Cuando en el otoño de de 1975 pude verla trabajar en el volumen de litografías –que incluía un texto mío– sobre la Paulina Bonaparte, en Venus triunfante, de Antonio Canova, aprendí que a Carmen no le basta la simple contemplación de la obra solitaria, aislada en el lugar donde yace como un eterno durmiente. Necesita disponerla en su perspectiva real, agregarle los objetos que la rodean, rescatar espacios y tiempos que se animan entre su mirada y la visión.

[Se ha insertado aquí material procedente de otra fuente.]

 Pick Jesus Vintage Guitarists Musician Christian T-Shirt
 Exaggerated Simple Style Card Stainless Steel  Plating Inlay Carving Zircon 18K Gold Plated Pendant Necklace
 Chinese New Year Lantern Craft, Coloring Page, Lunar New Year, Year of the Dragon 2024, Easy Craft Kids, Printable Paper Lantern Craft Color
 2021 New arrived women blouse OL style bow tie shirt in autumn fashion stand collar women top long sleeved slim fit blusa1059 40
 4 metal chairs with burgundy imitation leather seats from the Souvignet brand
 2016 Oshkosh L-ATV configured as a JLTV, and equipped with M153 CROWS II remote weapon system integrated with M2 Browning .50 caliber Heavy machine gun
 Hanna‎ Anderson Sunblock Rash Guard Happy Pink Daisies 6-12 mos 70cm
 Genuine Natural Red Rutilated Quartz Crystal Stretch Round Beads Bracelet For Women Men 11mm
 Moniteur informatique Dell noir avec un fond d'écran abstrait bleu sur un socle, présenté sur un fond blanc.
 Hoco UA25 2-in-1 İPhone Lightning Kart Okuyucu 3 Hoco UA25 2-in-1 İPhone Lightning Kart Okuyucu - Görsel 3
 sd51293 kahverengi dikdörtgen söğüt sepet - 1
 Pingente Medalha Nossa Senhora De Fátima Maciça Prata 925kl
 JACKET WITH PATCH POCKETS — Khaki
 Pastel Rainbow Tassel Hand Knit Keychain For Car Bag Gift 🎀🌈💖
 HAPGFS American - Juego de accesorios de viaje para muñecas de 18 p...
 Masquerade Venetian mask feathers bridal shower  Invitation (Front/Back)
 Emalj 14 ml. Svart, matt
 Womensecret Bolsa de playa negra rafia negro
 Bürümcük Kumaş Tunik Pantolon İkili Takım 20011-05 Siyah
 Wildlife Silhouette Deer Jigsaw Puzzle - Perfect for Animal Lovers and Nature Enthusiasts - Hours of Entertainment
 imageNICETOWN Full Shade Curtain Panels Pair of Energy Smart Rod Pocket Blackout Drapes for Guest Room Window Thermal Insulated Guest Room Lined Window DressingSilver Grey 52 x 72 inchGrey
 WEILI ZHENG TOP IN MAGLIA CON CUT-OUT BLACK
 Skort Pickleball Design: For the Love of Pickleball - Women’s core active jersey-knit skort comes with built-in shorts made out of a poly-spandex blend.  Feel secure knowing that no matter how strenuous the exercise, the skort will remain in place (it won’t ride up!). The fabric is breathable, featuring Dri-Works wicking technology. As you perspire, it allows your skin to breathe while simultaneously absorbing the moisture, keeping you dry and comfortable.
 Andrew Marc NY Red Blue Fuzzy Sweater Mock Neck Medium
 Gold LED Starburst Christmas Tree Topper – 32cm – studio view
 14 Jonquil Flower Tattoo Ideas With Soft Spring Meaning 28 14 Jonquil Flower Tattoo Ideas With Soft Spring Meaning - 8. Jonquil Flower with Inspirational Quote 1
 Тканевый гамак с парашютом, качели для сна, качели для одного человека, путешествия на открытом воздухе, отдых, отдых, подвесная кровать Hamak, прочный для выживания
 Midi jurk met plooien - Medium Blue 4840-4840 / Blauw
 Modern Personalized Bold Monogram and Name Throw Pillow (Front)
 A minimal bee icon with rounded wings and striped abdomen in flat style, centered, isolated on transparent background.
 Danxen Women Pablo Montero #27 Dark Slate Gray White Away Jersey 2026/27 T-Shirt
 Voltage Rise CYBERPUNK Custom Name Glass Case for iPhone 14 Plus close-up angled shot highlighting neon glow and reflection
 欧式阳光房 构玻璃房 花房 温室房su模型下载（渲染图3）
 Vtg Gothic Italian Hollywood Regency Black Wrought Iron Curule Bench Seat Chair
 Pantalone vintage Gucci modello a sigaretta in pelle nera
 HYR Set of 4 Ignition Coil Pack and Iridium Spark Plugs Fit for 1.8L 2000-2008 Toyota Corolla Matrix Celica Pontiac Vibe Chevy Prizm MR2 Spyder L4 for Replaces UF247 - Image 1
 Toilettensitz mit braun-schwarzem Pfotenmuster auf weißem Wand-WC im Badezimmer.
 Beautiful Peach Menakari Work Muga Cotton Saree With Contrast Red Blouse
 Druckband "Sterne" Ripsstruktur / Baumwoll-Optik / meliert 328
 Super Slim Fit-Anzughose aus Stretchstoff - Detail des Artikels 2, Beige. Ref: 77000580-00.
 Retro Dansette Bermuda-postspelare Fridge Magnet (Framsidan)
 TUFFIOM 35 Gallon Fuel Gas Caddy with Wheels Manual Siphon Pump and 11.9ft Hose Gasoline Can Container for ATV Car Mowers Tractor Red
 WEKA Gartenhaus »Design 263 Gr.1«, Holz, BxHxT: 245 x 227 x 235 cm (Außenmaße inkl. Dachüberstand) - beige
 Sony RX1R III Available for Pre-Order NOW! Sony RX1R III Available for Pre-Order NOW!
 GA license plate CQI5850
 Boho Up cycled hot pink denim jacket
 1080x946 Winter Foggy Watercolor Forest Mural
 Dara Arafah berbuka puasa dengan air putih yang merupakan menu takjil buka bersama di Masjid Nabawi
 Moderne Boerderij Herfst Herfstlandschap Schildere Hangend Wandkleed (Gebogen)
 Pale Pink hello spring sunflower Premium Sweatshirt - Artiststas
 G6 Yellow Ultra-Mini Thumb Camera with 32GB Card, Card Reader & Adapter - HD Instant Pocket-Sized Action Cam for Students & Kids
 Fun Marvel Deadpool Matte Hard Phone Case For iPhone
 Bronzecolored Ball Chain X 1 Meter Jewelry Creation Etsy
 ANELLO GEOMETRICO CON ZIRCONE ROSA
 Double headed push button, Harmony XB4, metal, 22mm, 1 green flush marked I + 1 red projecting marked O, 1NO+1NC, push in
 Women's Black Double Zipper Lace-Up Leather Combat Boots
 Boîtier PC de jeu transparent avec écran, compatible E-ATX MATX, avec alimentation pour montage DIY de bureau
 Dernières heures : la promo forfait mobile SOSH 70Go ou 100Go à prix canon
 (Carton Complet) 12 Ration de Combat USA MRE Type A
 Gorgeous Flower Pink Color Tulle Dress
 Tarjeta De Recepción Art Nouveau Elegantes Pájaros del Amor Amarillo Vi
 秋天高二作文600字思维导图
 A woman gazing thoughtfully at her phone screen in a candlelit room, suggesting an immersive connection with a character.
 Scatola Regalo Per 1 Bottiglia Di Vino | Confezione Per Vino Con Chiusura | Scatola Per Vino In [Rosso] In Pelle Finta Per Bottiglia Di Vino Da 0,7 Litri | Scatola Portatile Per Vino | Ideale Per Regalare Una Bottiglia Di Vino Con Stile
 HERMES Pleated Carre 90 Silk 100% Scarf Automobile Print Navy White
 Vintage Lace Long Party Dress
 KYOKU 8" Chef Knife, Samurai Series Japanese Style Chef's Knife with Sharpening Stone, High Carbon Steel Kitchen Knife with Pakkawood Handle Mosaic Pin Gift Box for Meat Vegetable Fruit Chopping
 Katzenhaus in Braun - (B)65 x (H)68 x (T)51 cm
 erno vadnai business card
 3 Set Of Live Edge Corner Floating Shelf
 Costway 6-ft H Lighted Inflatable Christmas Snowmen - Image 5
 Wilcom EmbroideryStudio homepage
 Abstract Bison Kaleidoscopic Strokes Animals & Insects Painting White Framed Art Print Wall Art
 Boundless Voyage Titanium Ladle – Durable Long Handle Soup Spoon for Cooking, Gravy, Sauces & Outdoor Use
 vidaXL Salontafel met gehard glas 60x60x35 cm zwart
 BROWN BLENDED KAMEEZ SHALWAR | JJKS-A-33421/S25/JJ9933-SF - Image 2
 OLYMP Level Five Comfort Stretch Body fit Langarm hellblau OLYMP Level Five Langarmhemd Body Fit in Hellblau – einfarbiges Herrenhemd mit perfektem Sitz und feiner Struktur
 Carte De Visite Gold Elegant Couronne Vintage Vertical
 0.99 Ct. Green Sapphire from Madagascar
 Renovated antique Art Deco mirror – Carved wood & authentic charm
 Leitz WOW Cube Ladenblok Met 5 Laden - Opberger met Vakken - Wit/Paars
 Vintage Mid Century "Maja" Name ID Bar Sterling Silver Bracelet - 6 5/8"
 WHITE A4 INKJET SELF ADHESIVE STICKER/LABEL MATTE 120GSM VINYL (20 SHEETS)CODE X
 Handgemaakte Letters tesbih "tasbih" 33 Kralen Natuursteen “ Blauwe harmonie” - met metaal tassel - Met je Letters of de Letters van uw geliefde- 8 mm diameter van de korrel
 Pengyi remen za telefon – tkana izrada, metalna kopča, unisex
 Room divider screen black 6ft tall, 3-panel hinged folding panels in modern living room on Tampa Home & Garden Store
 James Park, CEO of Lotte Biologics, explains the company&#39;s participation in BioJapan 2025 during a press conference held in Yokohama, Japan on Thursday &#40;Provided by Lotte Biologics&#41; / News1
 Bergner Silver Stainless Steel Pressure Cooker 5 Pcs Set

Recrear el calidoscopio propio a la “inteligencia onírica”, como señaló Salvador Elizondo, siguiendo las meditaciones de Paul Valéry, al escribir sobre las torres Eiffel de Carmen Parra expuestas en la ciudad de Sarcelles, en 1976. Inteligencia que imbrica “las categorías del ser y del conocimiento, por la que en los sueños se produce una confusión entre la identidad y la forma: vemos a Juan, pero sabemos que es Pedro”. En efecto, el tríptico de espejos, en cuya superficie lisa contempla su belleza congelada en el tiempo la Paulina de mármol, le renvía un rostro que no es el suyo, sino el de la escritora o artista, la mano que escribe o pinta, una esfumada silueta de su espalda desnuda.

Seguí a Carmen en su peregrinación y pude ver cómo iba revelando espacios y tiempos hasta el momento guardados por estatuas y monumentos. La observé mirar la torre Eiffel en silencio, con los ojos muy abiertos por el asombro. La vi situarse frente a la estatua de un rinoceronte para ver desde ahí la torre. La vi colocar una pecera con un pececillo rojo y mirarla a través del cristal y el agua. Las telas se fueron multiplicando. Rinoceronte, pez, pecera, agua eran la torre y la torre era rinoceronte, pez, pecera y agua. La exposición de 1976, en Sarcelles, al norte de París, de estas telas que, unidas, comenzaban a alcanzar las dimensiones de la verdadera torre Eiffel, terminó en inundación. Como si el agua de la pecera se hubiese derramado como el mar en la playa.

Una reconstitución de aquella exposición acaba de tener lugar en el cuadro de Visión del extranjero de los mexicanos, en México y, en París, los sobrevivientes a la inundación y a la travesía marina en el barco casi fantasma conducido por Peter Bransem, el capitán Nemo del taller de litografías, esperamos que retorne a su lugar de origen.